You'd love to see your system "working hard, instead of 'hardly working.'" The thing to watch out for is an excess amount of "involuntary waiting," where processes want to do this-or-that but are "stuck in rush-hour traffic."

It is perfectly ordinary to see, for example, a certain amount of "I/O wait," because I/O devices take time to respond. Likewise, a certain amount of swapping and paging activity. One of the best ways to observe the pragmatic performance of a system is to monitor the progress of something which this system routinely has to do: for instance, "how long does it take to produce a reasonably-complex web page, without caching?" A monitoring tool (such as Nagios) can be programmed to periodically try this and to record how long it took each time. This is a "boots-on-the-ground" measure of the system's perceived performance, and the first indication that you might have some problem requiring further investigation.

https://www.howtogeek.com/194642/und...-like-systems/

In general you'd want your load average to be less than the number of physical cores on your system, otherwise chances are things are backing up for one reason or another. There are of course exceptions to this though.

That article perpetuates a Unix description of load average from a long time ago.

In what can only be described as unbelievable timing, Brendan Gregg has just posted *THE* definitive article on loadavg here. It's long-ish and somewhat technical, but it is all there is to say.

And note the quote at the end.

These three man pages will tell you more about load averages:

Code:

$ apropos load | grep average

getloadavg []        (3)  - get system load averages

tload []            (1)  - graphic representation of system load average

xload []            (1)  - system load average display for X

Also see

Code:

$ man apropos

One of the most useful commands to know is apropos. If you are not sure what man page to consult, it can help you find the most relevant ones.

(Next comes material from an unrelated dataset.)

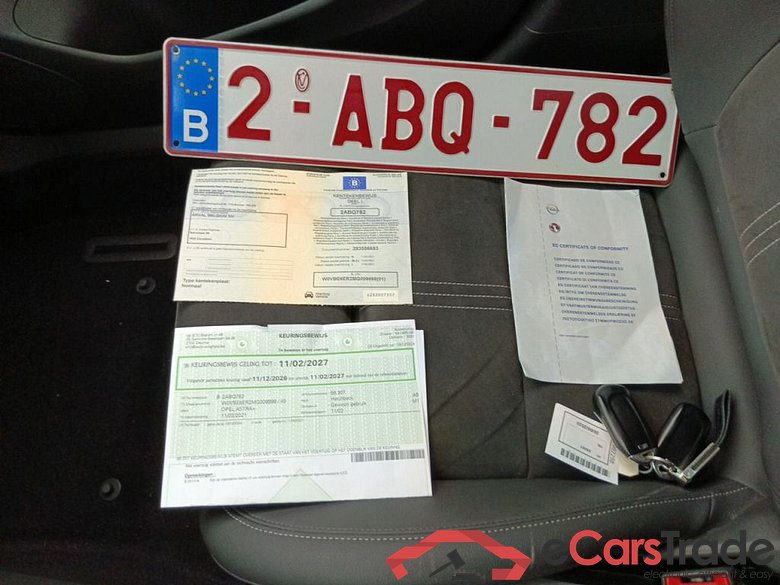 Opel Astra 1.2 Turbo 81kW S/S Ultimate 5d #4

Since "load average" now includes processes that are in a wait-state, it no longer relates to the number of cores.

Personally, I don't find such metrics – however calculated – to be useful at all, because they're an abstract description of what the system is doing as a whole. A system might be doing many different things and there is no separating the wheat from the chaff.

That's why I rig up external processes (like Nagios) to probe the system ... or, I perform statistical analysis of log files (that are appropriately designed). I want to measure the time that it takes for the system to do a particular(!) thing. (And, I want the probes to be taken infrequently, often randomly within some time-range, so that the probing process itself will not skew the results.)

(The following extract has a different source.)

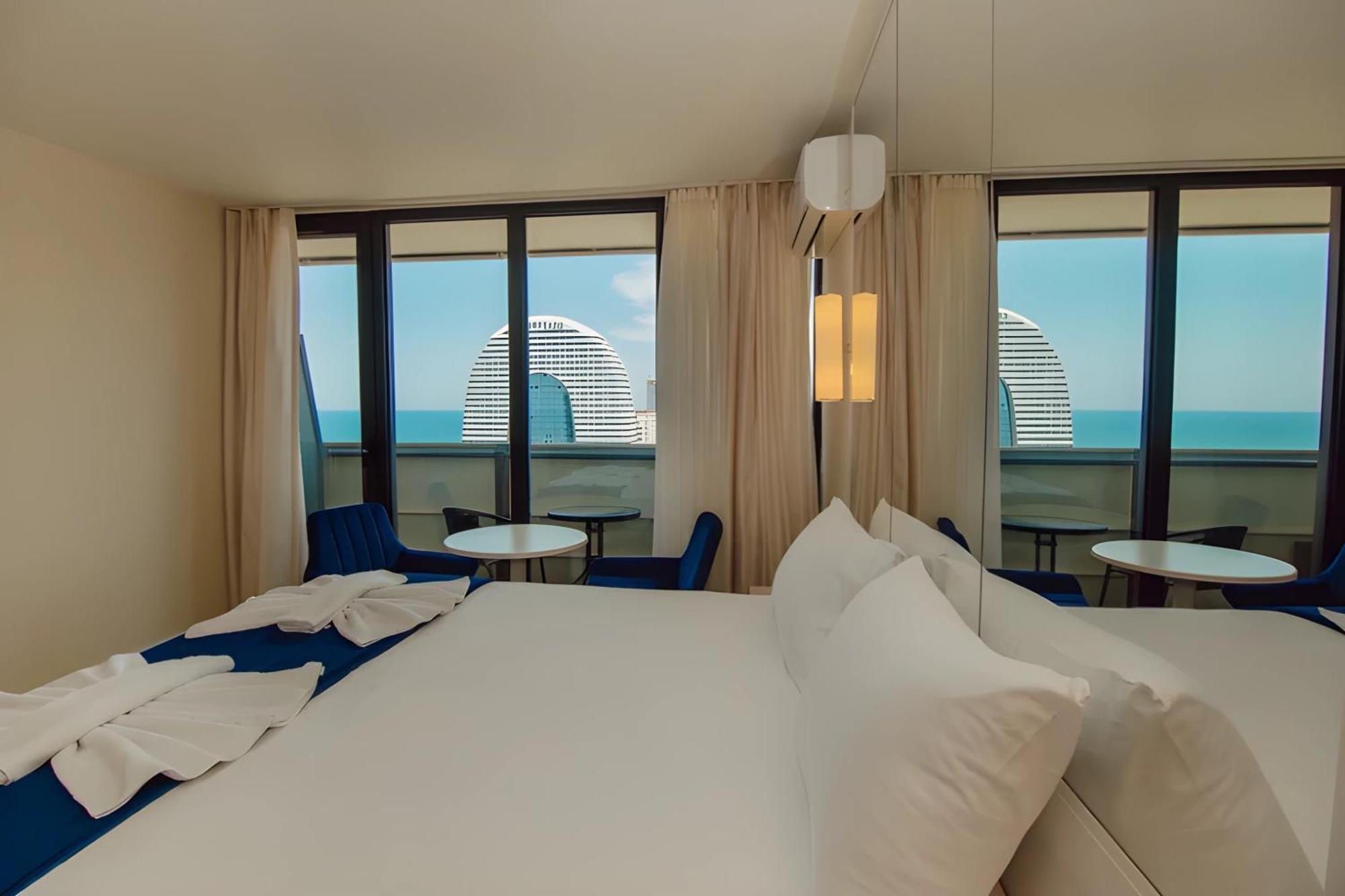 Suites Orbi City Aparthotel Batumi Luaran gambar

Sometimes, I'll do a "bang bang bang" probe: after a lengthy pause which allows the process that I'm probing to have been swapped out (the process is a dummy designed only to respond to my probe and to otherwise behave in some certain way), I'll hit it three times in quick succession, knowing that the second and third hits represent a process that is seen to be "actively running." Then, there's a much longer (random) wait before I do it (three times ...) again. I mainly look at the standard deviation of the three, and the min/max value.

Log files, however, are best, because they represent a constant load on the system. On a very busy system you can use a (fairly small) ring-buffer in a shared memory segment, and scoop up a copy of the buffer content at periodic or random intervals.

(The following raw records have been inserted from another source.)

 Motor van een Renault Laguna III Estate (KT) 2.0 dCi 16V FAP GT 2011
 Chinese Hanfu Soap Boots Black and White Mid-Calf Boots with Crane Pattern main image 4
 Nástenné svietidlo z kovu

The most useful results can be obtained with simple "statistical quality-control" analyses – like the ones used at the hypothetical light-bulb factory you learned about in school. For instance, you might say, "All class-A activities should complete in less than 2 seconds, 95% of the time, and with a standard deviation of no more than 1.7." Now, you measure how many times our student "passed," and how many times it "failed." (Notice that this is no longer a continuous-valued metric, but a binary one.) You can get results with a very small random sample. Any and all of the necessary statistics can be done with a spreadsheet, or with an open-source tool such as the "R" statistical programming language.

If you discover a problem, sometimes there is a recognizable pattern to it, such as time of day. Or, some other metric (number of jobs, number of logged-in users, number of web requests) that can be shown to be correlated to it. You can often predict where the problem actually is, and what to do about it, based on thoughtful ex post facto analyses of such data, which are cheap and easy to collect. Random sampling makes the actual number of observations manageable. (You can also calculate the sample-size that you need.)